Aktiv zuhören. Im Gespräch geht es vor allem darum, aktiv zuzuhören. Versuch dich möglichst unvoreingenommen auf dein Gegenüber einzulassen und lass ihn oder sie das Tempo bestimmen. Offene, wertfreie Fragen, zum Beispiel “Wie fühlt sich das an?” oder “Wie beeinflusst das deinen Alltag?”, können zusätzlich Verständnis schaffen und der anderen Person helfen, sich mitzuteilen.

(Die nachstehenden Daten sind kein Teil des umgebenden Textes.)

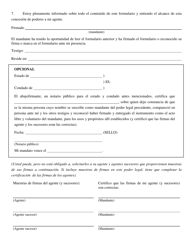 Formulario CFS2032-2/S Formulario Breve Obligatorio De Poder Legal Para La Atencion Medica De Illinois - Illinois (Spanish), Page 6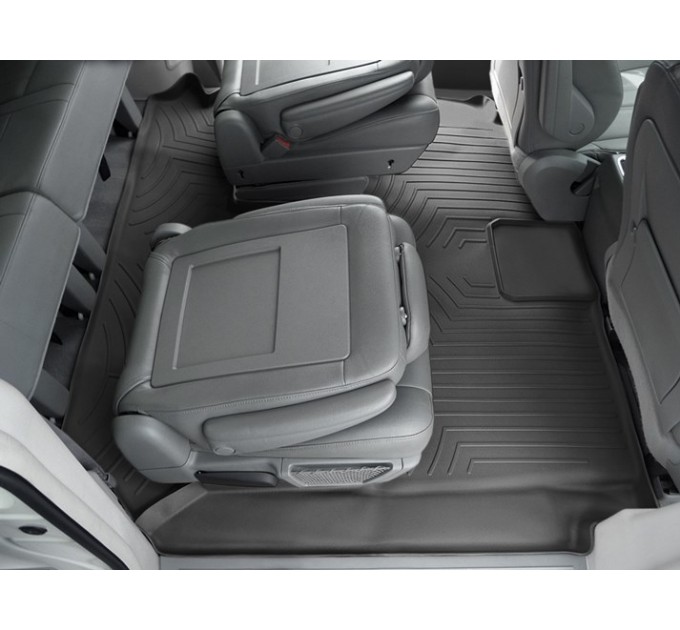 Коврики Weathertech Black для Dodge / Chrysler Grand Caravan (mkV); Lancia Voyager (mkI)(1-2-3 row)(2 row bucket Stow & Go seats) 2008-2011, ціна: 12 894 грн.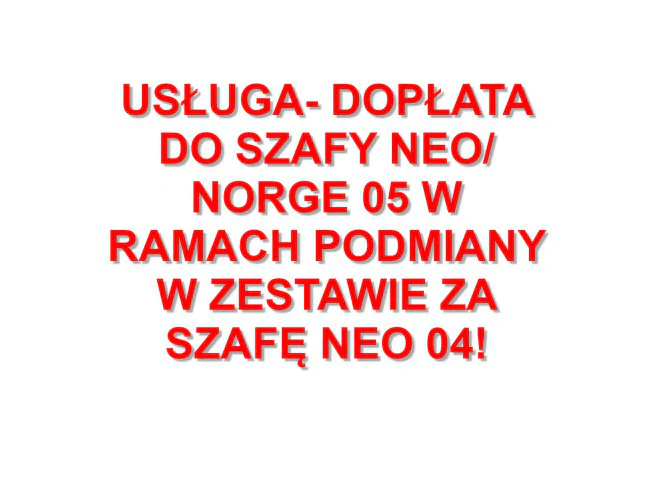 Dopłata do Szafy Neo / Norge 05 - Zestaw mebli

Die Lösungsfalle umgehen. Widerstehe dem Impuls, Ratschläge und schnelle Lösungen anzubieten. Oftmals entsteht dieser Impuls aus einem eigenen Gefühl der Hilflosigkeit heraus. Psychische Belastungen sind komplex und Betroffene haben in der Regel selbst schon einiges ausprobiert, um damit fertig zu werden. Wenn du dich hilflos fühlst, dann denk daran, dass es schon viel wert ist, dass du da bist und einfach zuhörst.

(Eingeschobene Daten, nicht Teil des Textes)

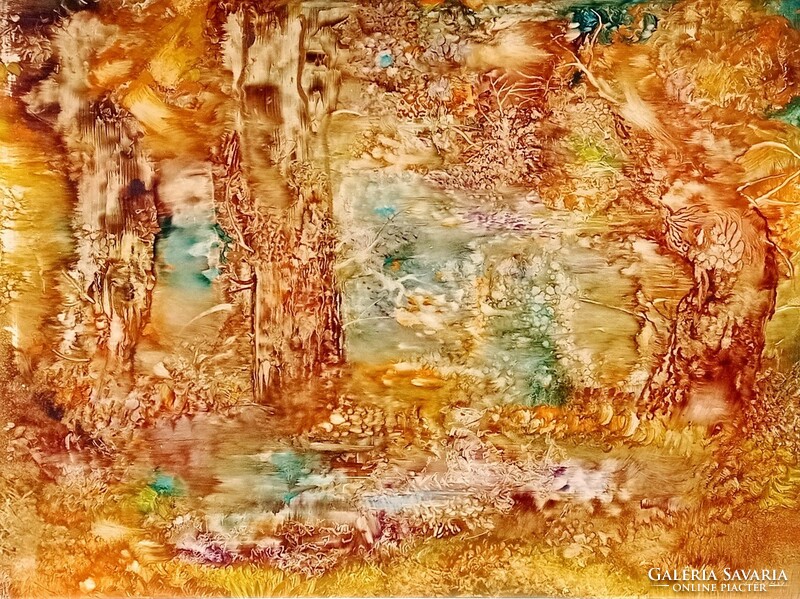 Iván Máriási masnyik (1928-1997) - dream world, 60 x 80 cm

Eigene Grenzen achten. Als Partner:in, Freund:in oder Kolleg:in bist du Vertrauensperson, aber nicht Therapeut:in der oder des Betroffenen. Ebenso wenig bist du für das Wohlergehen der anderen Person verantwortlich. Natürlich ist es hilfreich, wenn du ihr oder ihm im Rahmen deiner Möglichkeiten zuhörst und einfach da bist. Du darfst aber auch klare Grenzen ziehen, sobald du den Eindruck hast, dass es dir zu viel wird. Gerade wenn dein Gegenüber schon länger belastet ist, ist professionelle Hilfe sinnvoll. Biete der betroffenen Person gegebenenfalls an, sie bei der Suche nach einem Therapieplatz zu unterstützen.

 

Fazit

Wenn du dich selbst psychisch belastet fühlst, kann es sich lohnen, dich jemandem anzuvertrauen. Mit einem unterstützenden Gegenüber über deine Erfahrungen zu sprechen, kann enorm entlasten und dich daran erinnern, dass du nicht alleine bist.

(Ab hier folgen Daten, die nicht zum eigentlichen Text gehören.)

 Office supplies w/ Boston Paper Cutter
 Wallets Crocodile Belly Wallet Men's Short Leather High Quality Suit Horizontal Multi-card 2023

Wenn du dich um das psychische Wohlbefinden einer anderen Person sorgst, kann es hilfreich sein, deinen Eindruck offen anzusprechen und ein Gesprächsangebot zu machen. Achte dabei jedoch auch auf deine eigenen Bedürfnisse und erlaube es dir, Grenzen zu ziehen.

In beiden Fällen gilt: Wenn die Belastung sehr groß ist oder über einen längeren Zeitraum anhält, ist professionelle Hilfe in Form einer Psychotherapie sinnvoll.